2005 North Carolina Code - General Statutes Article 12 - Transfer of Assets.

Article 12.

Transfer of Assets.

§ 55‑12‑01.  Sale of assets in regular course of business and mortgage of assets.

(a)       A mortgage of or other security interest in all or any part of the property of a corporation may be made by authority of the board of directors without approval of the shareholders, unless otherwise provided in the articles of incorporation or in bylaws adopted by the shareholders.

(b)       Unless otherwise provided in the articles of incorporation or in bylaws adopted by the shareholders, a corporation may, on the terms and conditions and for the consideration determined by the board of directors, and without approval by the shareholders:

(1)       Sell, lease, exchange, or otherwise dispose of all, or substantially all, of its property in the usual and regular course of business; or

(2)       Transfer any or all of its property to a corporation or an unincorporated entity all the shares or ownership interests of which are owned by the corporation. (1925, c. 235; 1929, c. 269; 1939, c. 279; G.S., s. 55‑26; 1955, c. 1371, s. 1; 1989, c. 265, s. 1; 2001‑508, s. 1.)

 

§ 55‑12‑02.  Sale of assets other than in regular course of business.

(a)       A corporation may sell, lease, exchange, or otherwise dispose of all, or substantially all, of its property, otherwise than in the usual and regular course of business, on the terms and conditions and for the consideration determined by the corporation's board of directors, if the board of directors proposes and its shareholders approve the proposed transaction.

(b)       For a transaction to be authorized:

(1)       The board of directors must recommend the proposed transaction to the shareholders unless the board of directors determines that because of conflict of interest or other special circumstances it should make no recommendation, in which event the board of directors must communicate the basis for its lack of a recommendation to the shareholders with the submission of the proposed transaction; and

(2)       The shareholders entitled to vote must approve the transaction.

(c)       The board of directors may condition its submission of the proposed transaction on any basis.

(d)       The corporation shall notify each shareholder, whether or not entitled to vote, of the proposed shareholders' meeting in accordance with G.S. 55‑7‑05.  The notice must also state that the purpose, or one of the purposes, of the meeting is to consider the sale, lease, exchange, or other disposition of all, or substantially all, the property of the corporation and contain or be accompanied by a description of the transaction.

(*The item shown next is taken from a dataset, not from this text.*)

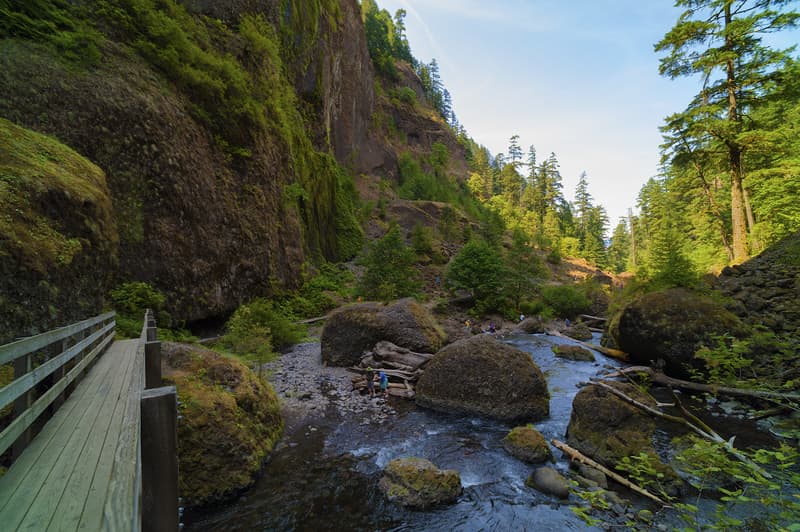 People along Tanner Creek in the Columbia River Gorge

(e)       Unless the articles of incorporation, a bylaw adopted by the shareholders, Article 9 or the board of directors (acting pursuant to subsection (c)) require a greater vote or a vote by voting groups, the transaction to be authorized must be approved by a majority of all the votes entitled to be cast on the transaction.

(f)        After a sale, lease, exchange, or other disposition of property is authorized, the transaction may be abandoned (subject to any contractual rights) without further shareholder action.

(g)       A transaction that constitutes a distribution is governed by G.S. 55‑6‑40 and not by this section. (1925, c. 235; 1929, c. 269; 1939, c. 279; G.S., s. 55‑26; 1955, c. 1371, s. 1; 1989, c. 265, s. 1.)

 

§ 55‑12‑03.  Article 9 to control.

Nothing in this Article shall be construed to modify in any manner the provisions or applicability of Article 9. (1989, c. 265, s. 1.)